Of the 475 trials, 192 (40%) reported one type of deviation from the intention to treat approach, 189 (40%) reported two, 67 (14%) reported three, five (1%) reported four, and 22 (5%) did not report any type.
In 266 (56%) trials, the main criterion for exclusion in the modified intention to treat analysis was treatment related. Moreover, in 185 (70%) such trials the treatment related approach was accompanied by at least one additional type of deviation.
Post baseline assessment related modified intention to treat was described in 196 (41%) trials. In 160 (82%) of these the approach was accompanied by at least one other type of deviation. In 118 (25%) trials, the exclusion used to justify the criteria for modified intention to treat was the absence of a baseline assessment, and in 108 (92%) trials it was associated with at least one other type of deviation.
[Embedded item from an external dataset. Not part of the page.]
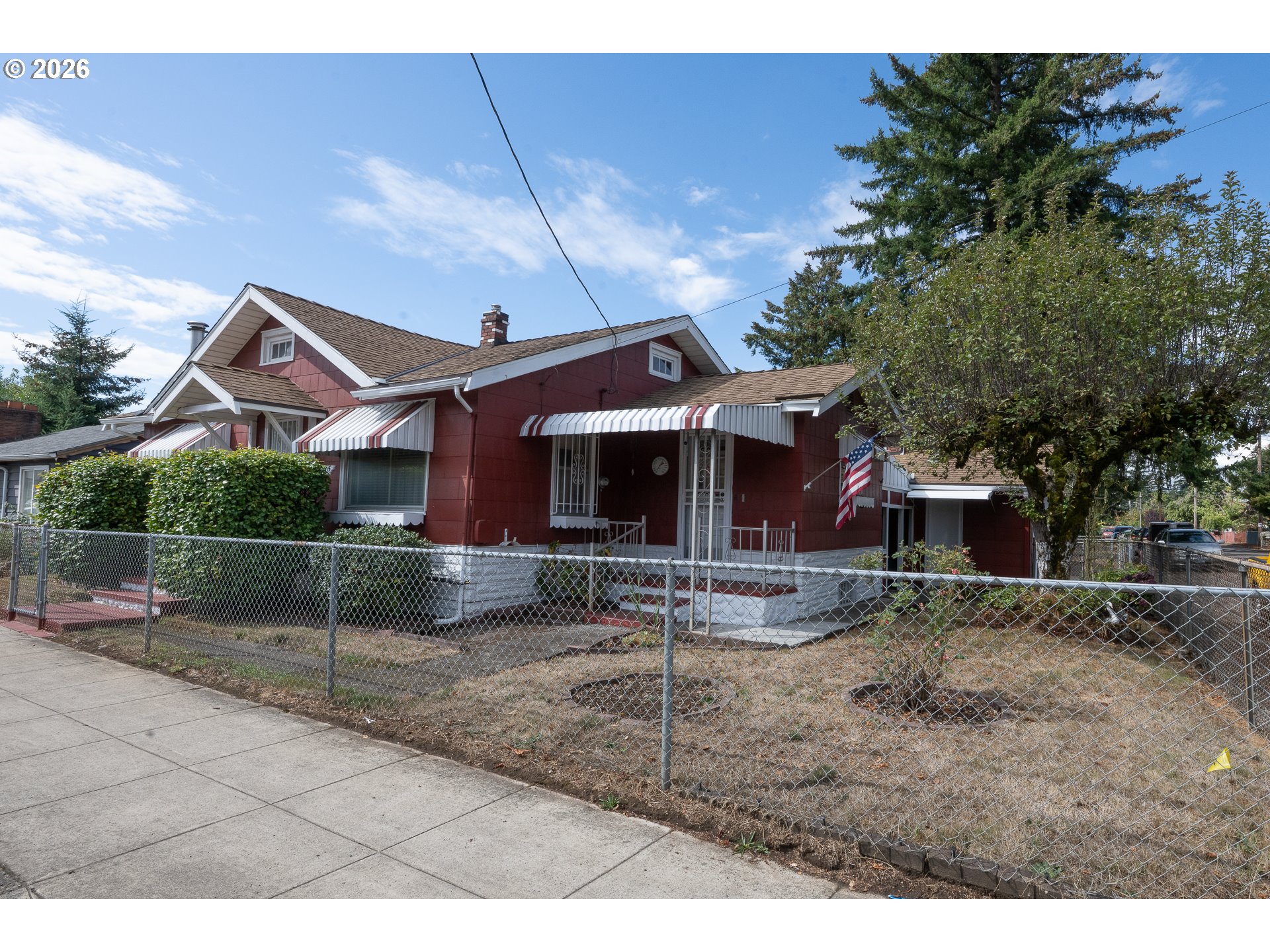 main property photo 2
Of the 108 (23%) trials describing a target condition based modified intention to treat, 78 (72%) listed at least one additional type of deviation. Only 23 (5%) trials based their criteria for modified intention to treat on loss to follow-up, and 11 (48%) of these included one or more type of deviation. Eighty two (17%) trials presented descriptions for a modified intention to treat approach that did not fall into any of the defined categories (table 33).). Figure 22 shows the overlap among the four most common types of deviations.
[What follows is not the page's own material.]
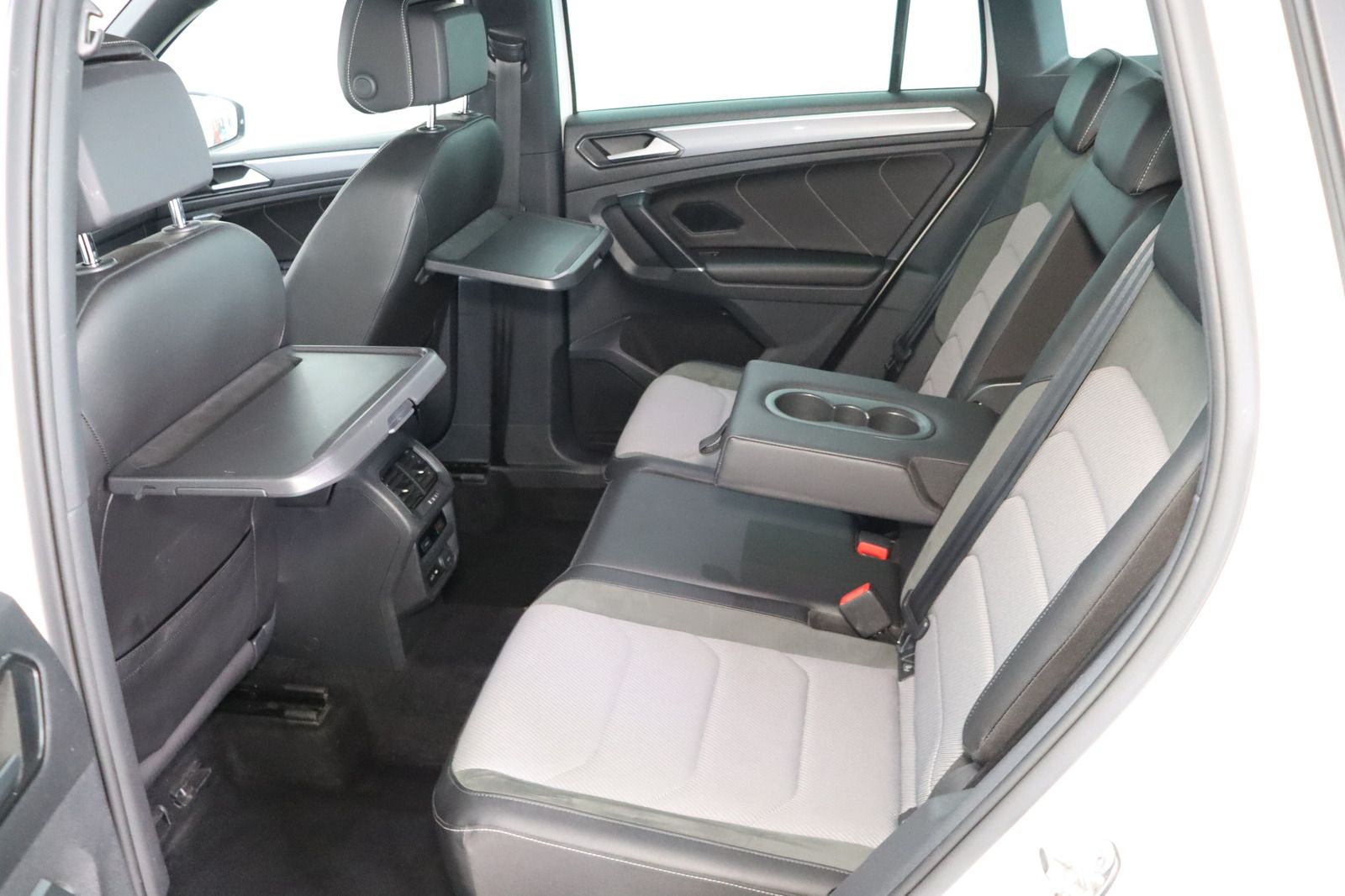 Fahrzeugabbildung Volkswagen Tiguan 2.0 TSI 4 Motion R-line Highline * Pano *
Overall, 380 (80%) of the trials reported exclusion of at least one participant owing to specifications for the modified intention to treat. In the remaining 94 trials no exclusions were reported, despite the description of the modified intention to treat approach. In one trial, the modified intention to treat described a patient crossover to another group. Of the trials reporting at least one exclusion, the median percentage of exclusions was 6% (interquartile range 2%-13%).
Statistical analyses did not indicate any positive association between the number of conditions provided in the description of the modified intention to treat and the proportion of participants excluded from the analysis (P=0.11).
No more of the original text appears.